Nothing has been more contentious in the field of education than the idea of school choice.
Which is odd. We take it for granted that we’ll find dozens of brands of cereal at our grocery stores and hundreds of stations on our cable TV. We expect to be able to choose from a wide variety of coffee drinks and scores of restaurants. Yet we’re expected to believe that the school down the street is the best possible one for our children.
Whether it offers foreign-language classes, after-school activities, or excellent sports programs is irrelevant. It’s the closest, and that’s all we’re supposed to need to know.
Of course, there are some very good public schools across the country. There are also some very bad ones. In some of the country’s largest school districts, less than half of all children graduate. These failing schools tend to be located in inner cities and serve poor minority students.

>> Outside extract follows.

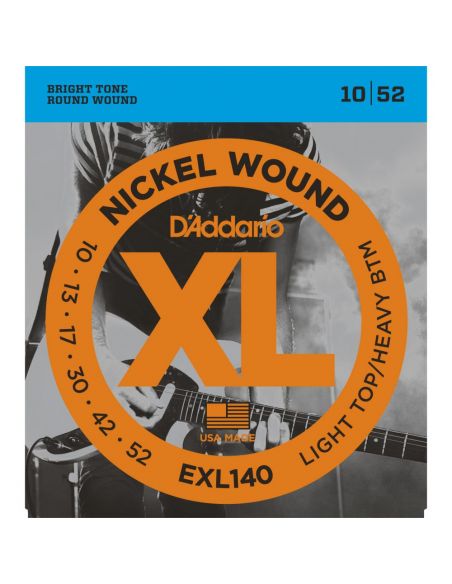 D'Addario EXL140 .010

Those schools have virtually no incentive to improve because they face no penalty for failure. In Washington, D.C.’s schools a few years ago, for example, most students were reading below grade level, yet virtually every teacher (98 percent) was rated above average.
The educational establishment’s standard response to educational failure is to call for massive spending increases. Yet today, while inflation-adjusted per-pupil spending has more than doubled since 1970 -- it now exceeds $11,000 per student per year -- academic achievement has stagnated, and high-school graduation rates for disadvantaged children have remained flat.
To achieve meaningful educational reform, parents should be empowered to hold schools accountable through school choice. And the good news is that, in many cases, they are. Today, millions of America’s students exercise public school choice, attend private schools, or are homeschooled.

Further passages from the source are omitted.